- **WORK REQUIRED**
Look through the material below and report every line that includes "Vintage".
[LISTED ENTRIES — start]
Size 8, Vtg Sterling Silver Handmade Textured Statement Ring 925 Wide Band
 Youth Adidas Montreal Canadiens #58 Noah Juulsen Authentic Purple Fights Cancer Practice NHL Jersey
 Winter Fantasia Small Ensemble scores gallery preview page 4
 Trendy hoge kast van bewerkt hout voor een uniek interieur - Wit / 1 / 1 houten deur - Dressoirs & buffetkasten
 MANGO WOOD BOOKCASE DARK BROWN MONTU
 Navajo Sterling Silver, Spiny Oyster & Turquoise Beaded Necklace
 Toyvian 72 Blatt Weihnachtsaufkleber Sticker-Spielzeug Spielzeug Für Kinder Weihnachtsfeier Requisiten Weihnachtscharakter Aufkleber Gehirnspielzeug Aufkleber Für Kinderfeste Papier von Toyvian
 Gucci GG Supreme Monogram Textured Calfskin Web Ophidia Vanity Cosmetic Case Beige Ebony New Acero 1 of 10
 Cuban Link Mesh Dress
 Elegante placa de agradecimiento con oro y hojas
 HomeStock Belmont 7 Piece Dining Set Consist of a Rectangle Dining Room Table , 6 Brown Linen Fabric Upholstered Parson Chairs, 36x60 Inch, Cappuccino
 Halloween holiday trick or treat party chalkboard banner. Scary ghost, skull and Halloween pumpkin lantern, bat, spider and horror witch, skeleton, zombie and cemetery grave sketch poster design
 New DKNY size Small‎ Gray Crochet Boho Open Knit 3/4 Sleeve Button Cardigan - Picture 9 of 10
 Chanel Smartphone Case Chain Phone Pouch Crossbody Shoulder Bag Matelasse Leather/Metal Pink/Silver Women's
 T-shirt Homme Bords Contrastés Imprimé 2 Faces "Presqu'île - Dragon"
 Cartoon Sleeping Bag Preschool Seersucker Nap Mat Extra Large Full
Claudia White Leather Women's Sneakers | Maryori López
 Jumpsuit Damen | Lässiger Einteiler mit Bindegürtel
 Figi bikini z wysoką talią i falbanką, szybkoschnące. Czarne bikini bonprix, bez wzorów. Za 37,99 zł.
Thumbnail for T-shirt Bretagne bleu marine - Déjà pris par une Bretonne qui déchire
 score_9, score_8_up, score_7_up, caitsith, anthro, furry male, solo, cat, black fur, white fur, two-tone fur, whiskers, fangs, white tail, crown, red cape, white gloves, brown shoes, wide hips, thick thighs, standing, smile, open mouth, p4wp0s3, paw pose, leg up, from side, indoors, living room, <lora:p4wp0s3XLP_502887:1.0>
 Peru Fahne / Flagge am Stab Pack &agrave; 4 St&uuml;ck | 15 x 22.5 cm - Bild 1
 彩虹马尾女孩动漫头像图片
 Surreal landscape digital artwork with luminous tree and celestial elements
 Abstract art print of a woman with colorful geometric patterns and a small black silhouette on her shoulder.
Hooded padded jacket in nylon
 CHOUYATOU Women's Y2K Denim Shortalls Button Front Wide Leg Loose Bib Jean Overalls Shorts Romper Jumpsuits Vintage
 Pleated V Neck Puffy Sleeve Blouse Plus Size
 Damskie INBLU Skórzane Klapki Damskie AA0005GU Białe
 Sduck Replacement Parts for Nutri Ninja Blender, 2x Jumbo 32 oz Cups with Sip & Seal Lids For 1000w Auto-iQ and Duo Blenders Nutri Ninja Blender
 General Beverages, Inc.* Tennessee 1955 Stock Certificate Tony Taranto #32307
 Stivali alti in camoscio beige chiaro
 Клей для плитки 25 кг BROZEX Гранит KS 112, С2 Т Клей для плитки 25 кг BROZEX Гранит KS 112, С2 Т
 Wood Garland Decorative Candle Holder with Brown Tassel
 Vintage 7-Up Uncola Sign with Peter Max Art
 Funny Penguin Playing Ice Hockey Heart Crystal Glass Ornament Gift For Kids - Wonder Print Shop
[LISTED ENTRIES — finish]
- **RESULT FOR THIS EXERCISE**
 CHOUYATOU Women's Y2K Denim Shortalls Button Front Wide Leg Loose Bib Jean Overalls Shorts Romper Jumpsuits Vintage
 Vintage 7-Up Uncola Sign with Peter Max Art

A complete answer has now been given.